Problem - The line containing "Fototapeta colorful plastic" and every line after it to the end of the records: set those down exactly, without any pictures.

The records -
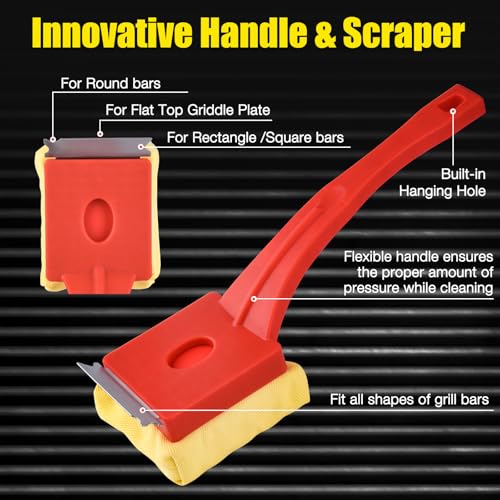 Grill Brush Bristle-Free – Steam Cleaning – Includes 2 Extra Brush Head – Heavy-Duty Barbecue Scraper,Red - style: Classic Red with 2 Extra Brush Head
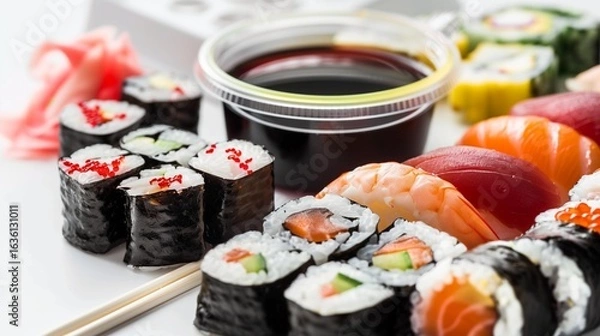 Fototapeta colorful plastic sushi set with soy sauce container on white background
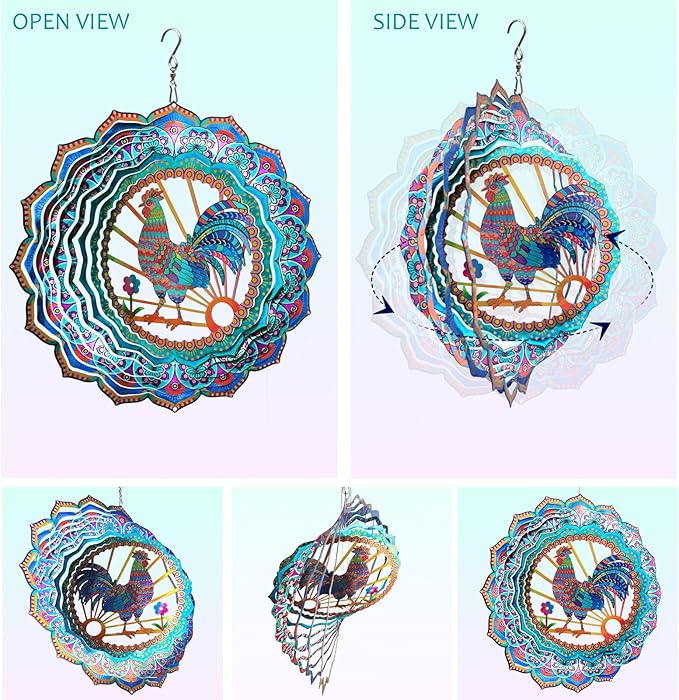 Aoedelyart Rooster Wind Spinner for Yard and Garden,12in Wind Spinners Outdoor Rooster Gifts,Chicken Gifts for Women Mother Grandma Wife Men Father,Garden Decor Metal Hanging Yard Art Wind Sculpture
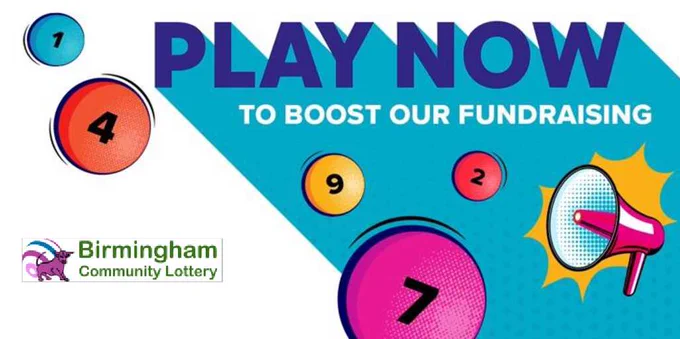 Poster which says "Play now to boost our fundraising." Number balls and megaphone in a pop art style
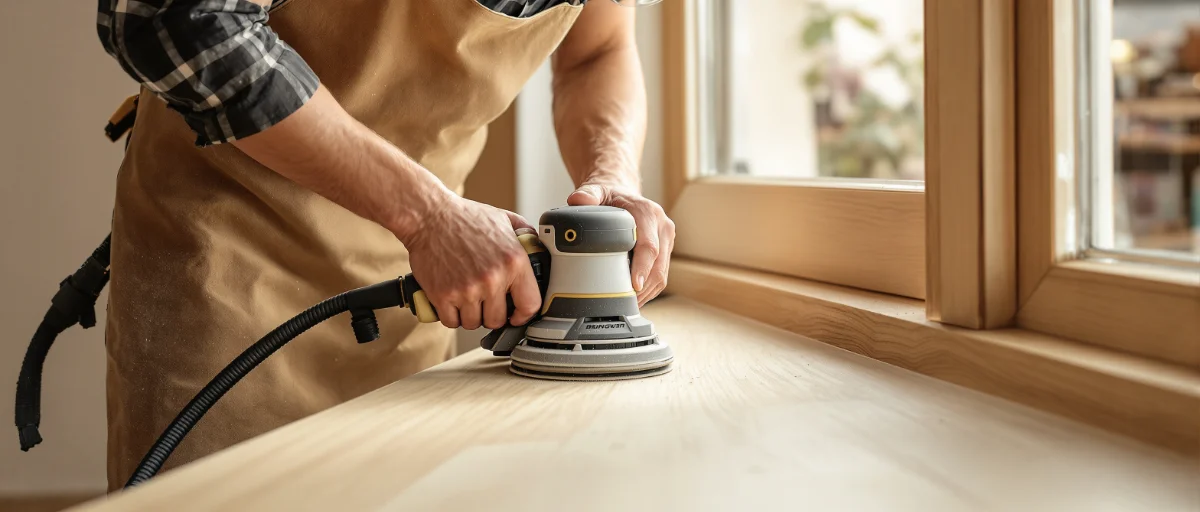 Artisan professionnel ponçant un châssis en bois lors d'une rénovation à Wavre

Expected answer -
 Fototapeta colorful plastic sushi set with soy sauce container on white background
 Aoedelyart Rooster Wind Spinner for Yard and Garden,12in Wind Spinners Outdoor Rooster Gifts,Chicken Gifts for Women Mother Grandma Wife Men Father,Garden Decor Metal Hanging Yard Art Wind Sculpture
 Poster which says "Play now to boost our fundraising." Number balls and megaphone in a pop art style
 Artisan professionnel ponçant un châssis en bois lors d'une rénovation à Wavre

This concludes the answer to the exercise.